16th Annual Conference of the International Speech Communication Association

Dresden, Germany
September 6-10, 2015

Study of Entity-Topic Models for OOV Proper Name Retrieval

Imran Sheikh, Irina Illina, Dominique Fohr

LORIA, France

Retrieving Proper Names (PNs) relevant to an audio document can improve speech recognition and content based audio-video indexing. Latent Dirichlet Allocation (LDA) topic model has been used to retrieve Out-Of-Vocabulary (OOV) PNs relevant to an audio document with good recall rates. However, retrieval of OOV PNs using LDA is affected by two issues, which we study in this paper: (1) Word Frequency Bias (less frequent OOV PNs are ranked lower); (2) Loss of Specificity (the reduced topic space representation loses lexical context). Entity-Topic models have been proposed as extensions of LDA to specifically learn relations between words, entities (PNs) and topics.
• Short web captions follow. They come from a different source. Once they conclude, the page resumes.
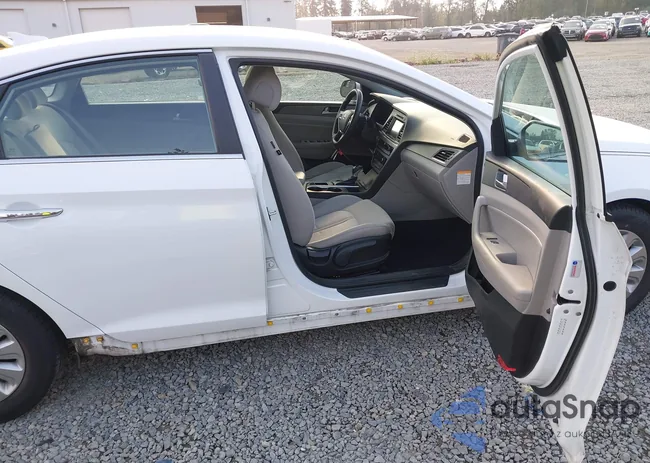 KMHE24L38HA061319: 43084229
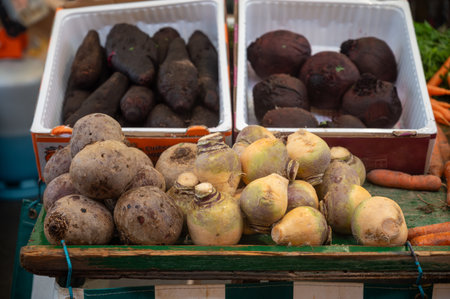 Farmers outdoor market with seasonal winter organic root vegetables, pumpkins, cool, carrotsの写真素材
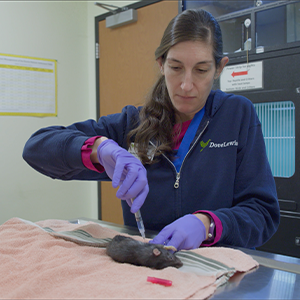 thumbnail - intracardiac injection for euthanasia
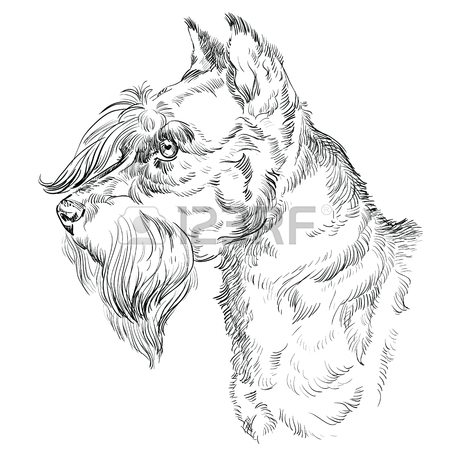 450x450 Miniature Schnauzer Dog Vector Hand Drawing Illustration In Black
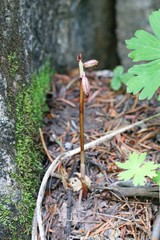 Corallorhiza striata vreelandii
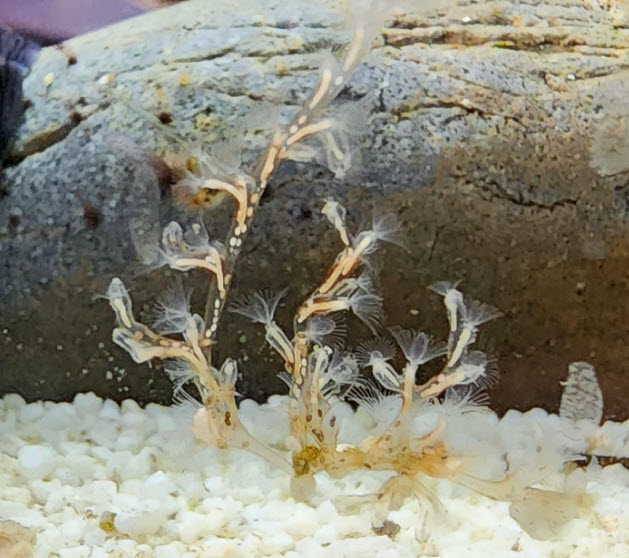 Byrozoan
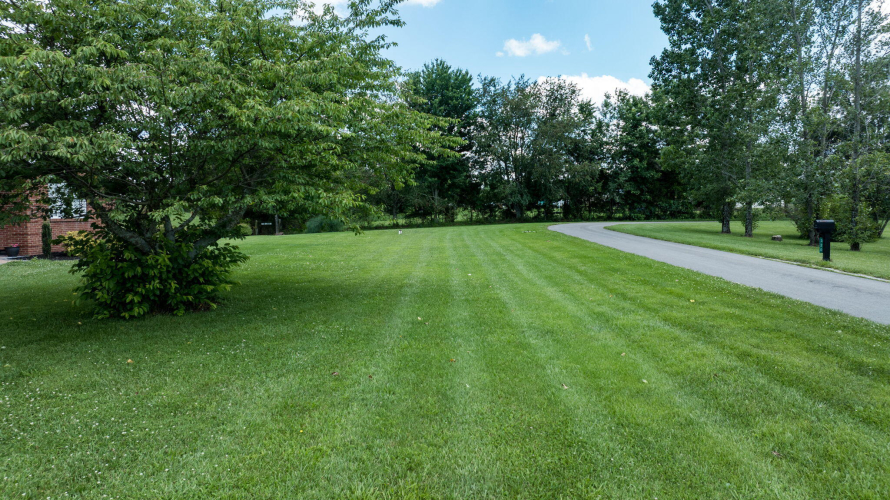 Listing Image 139
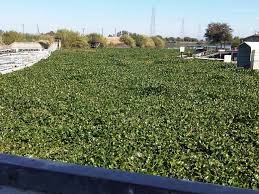 Water Hyacinth In The Delta Capradio Org
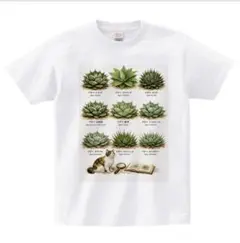 ボタニカルTシャツ新作★受注後作成★アガベ植物デザイン Tシャツ ホワイトのサムネイル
We study OOV PN retrieval with Entity-Topic models and show that they are also affected by word frequency bias and loss of specificity. We evaluate our proposed methods for rare OOV PN re-ranking and lexical context re-ranking for LDA as well as for Entity-Topic models. The results show an improvement in both Recall and the Mean Average Precision.

Full Paper

Bibliographic reference.  Sheikh, Imran / Illina, Irina / Fohr, Dominique (2015): "Study of entity-topic models for OOV proper name retrieval", In INTERSPEECH-2015, 1344-1348.